**** Given entries
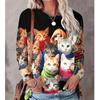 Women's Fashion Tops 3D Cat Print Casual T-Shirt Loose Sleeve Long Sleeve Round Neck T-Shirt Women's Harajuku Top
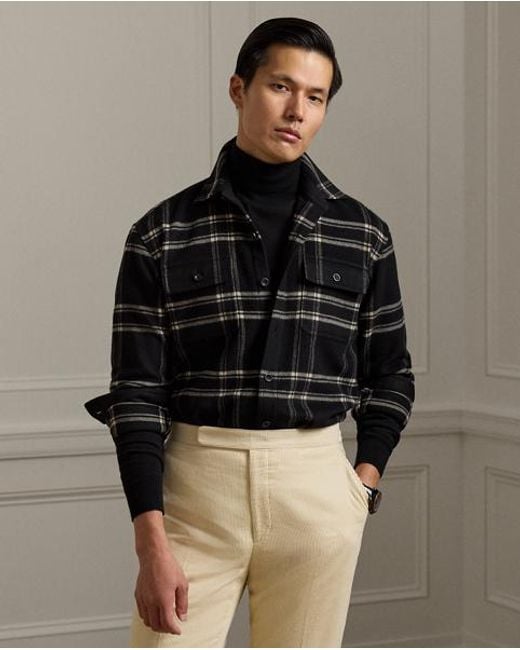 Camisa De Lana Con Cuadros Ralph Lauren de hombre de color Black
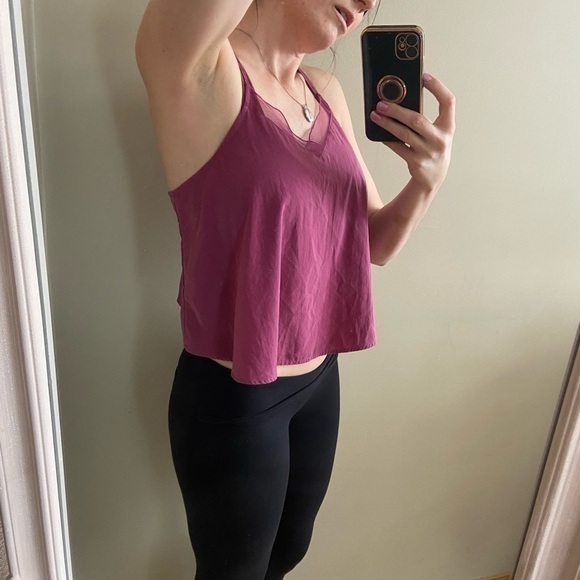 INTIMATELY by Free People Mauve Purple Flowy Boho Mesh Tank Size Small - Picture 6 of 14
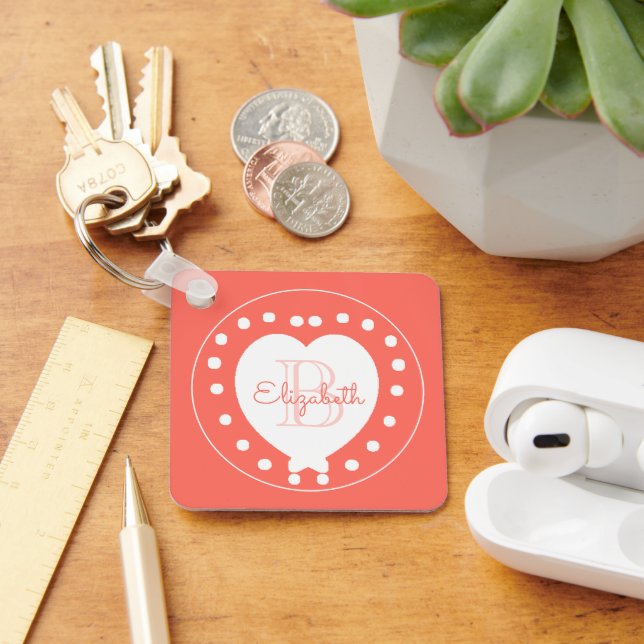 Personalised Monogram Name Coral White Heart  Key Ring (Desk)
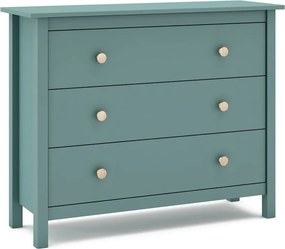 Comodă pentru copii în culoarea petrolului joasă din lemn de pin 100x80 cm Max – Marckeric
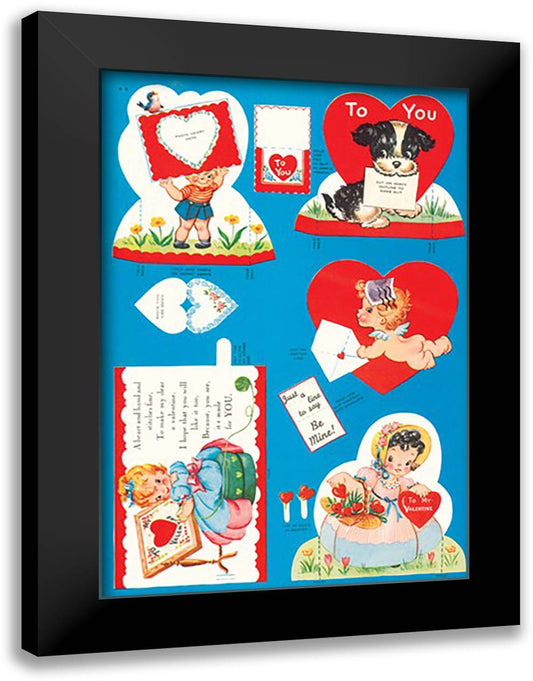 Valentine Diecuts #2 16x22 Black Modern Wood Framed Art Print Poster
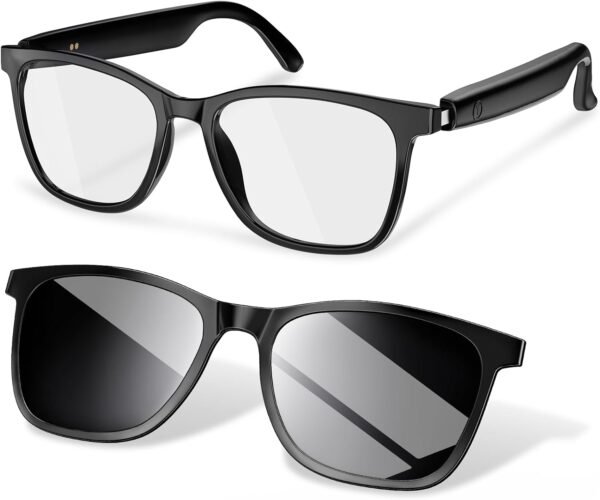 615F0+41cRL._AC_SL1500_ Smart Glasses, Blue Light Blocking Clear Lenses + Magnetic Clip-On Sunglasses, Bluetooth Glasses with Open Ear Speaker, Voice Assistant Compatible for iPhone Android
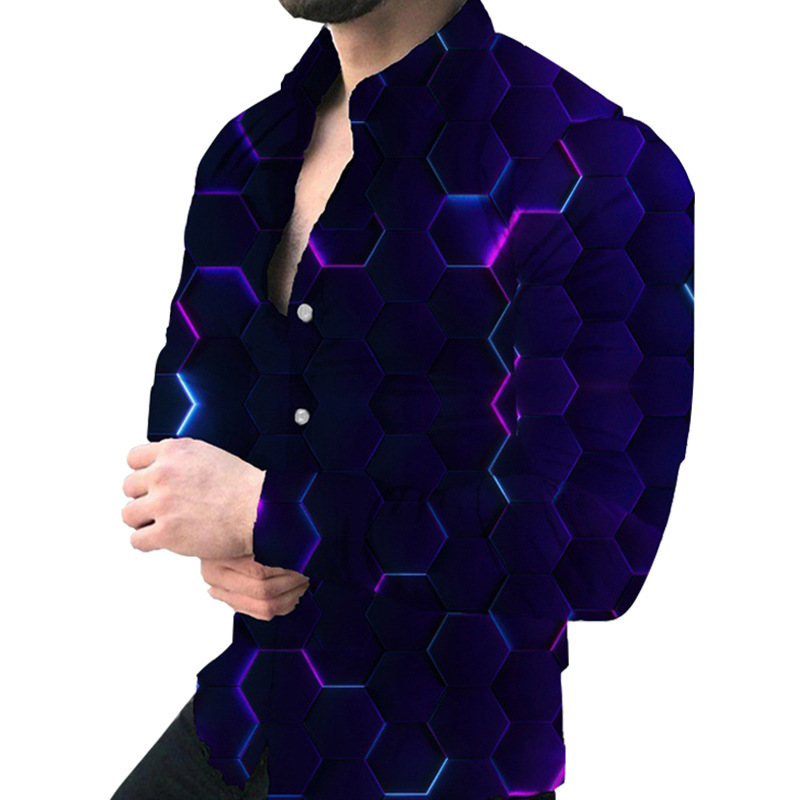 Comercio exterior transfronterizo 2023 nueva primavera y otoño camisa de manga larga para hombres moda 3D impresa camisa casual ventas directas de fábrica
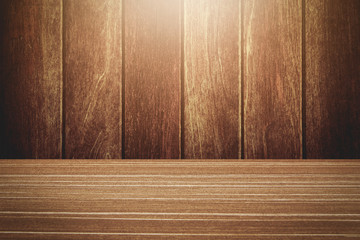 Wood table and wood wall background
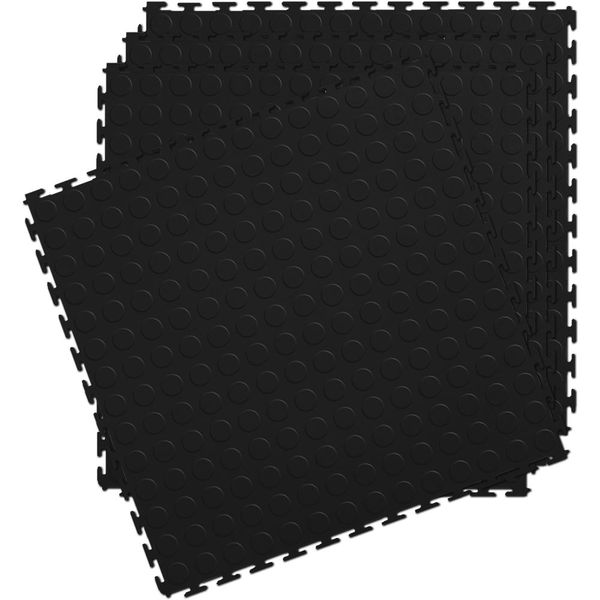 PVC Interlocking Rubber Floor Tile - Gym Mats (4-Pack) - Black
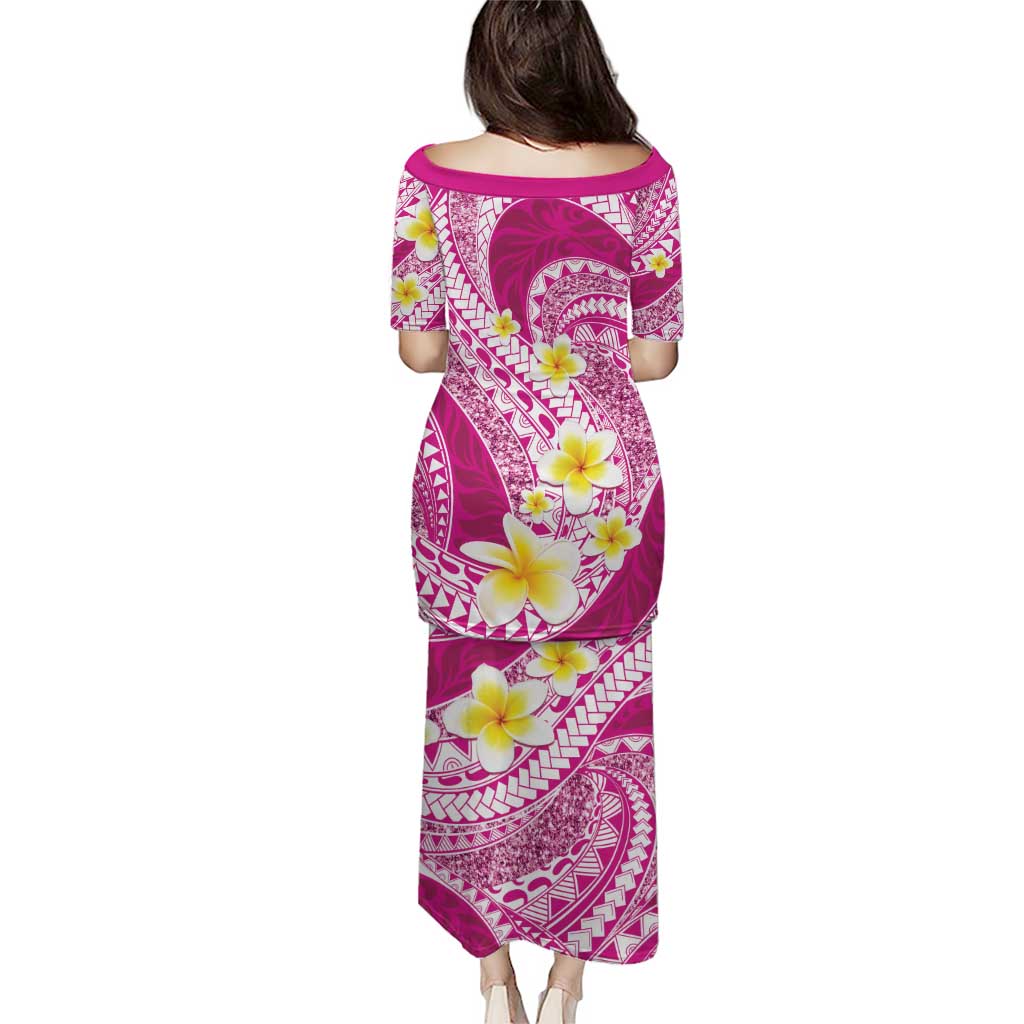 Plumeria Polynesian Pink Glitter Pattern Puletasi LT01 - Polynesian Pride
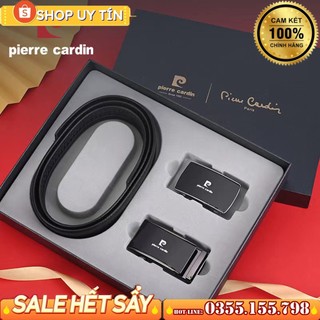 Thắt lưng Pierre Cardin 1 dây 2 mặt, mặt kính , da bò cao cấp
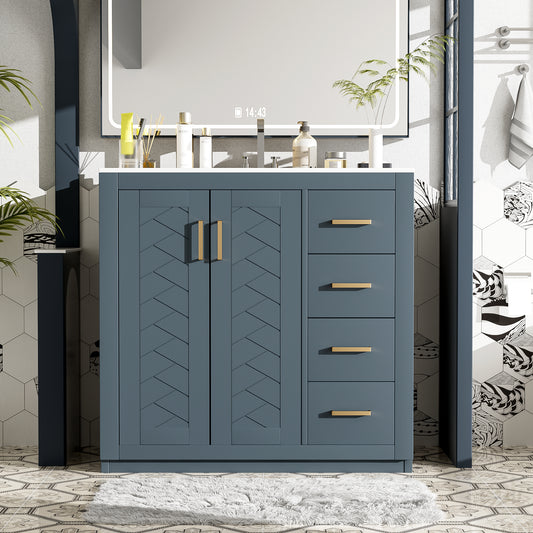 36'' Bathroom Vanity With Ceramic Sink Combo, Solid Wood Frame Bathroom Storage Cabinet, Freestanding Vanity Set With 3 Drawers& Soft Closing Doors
********
### [Exercise directions]
Exactly as they appear, transcribe the lines from the top of the material above through the line with "PVC Interlocking Rubber". Omit any picture.

### [Response]
 Women's Fashion Tops 3D Cat Print Casual T-Shirt Loose Sleeve Long Sleeve Round Neck T-Shirt Women's Harajuku Top
 Camisa De Lana Con Cuadros Ralph Lauren de hombre de color Black
 INTIMATELY by Free People Mauve Purple Flowy Boho Mesh Tank Size Small - Picture 6 of 14
 Personalised Monogram Name Coral White Heart  Key Ring (Desk)
 Comodă pentru copii în culoarea petrolului joasă din lemn de pin 100x80 cm Max – Marckeric
 Valentine Diecuts #2 16x22 Black Modern Wood Framed Art Print Poster
 615F0+41cRL._AC_SL1500_ Smart Glasses, Blue Light Blocking Clear Lenses + Magnetic Clip-On Sunglasses, Bluetooth Glasses with Open Ear Speaker, Voice Assistant Compatible for iPhone Android
 Comercio exterior transfronterizo 2023 nueva primavera y otoño camisa de manga larga para hombres moda 3D impresa camisa casual ventas directas de fábrica
 Wood table and wood wall background
 PVC Interlocking Rubber Floor Tile - Gym Mats (4-Pack) - Black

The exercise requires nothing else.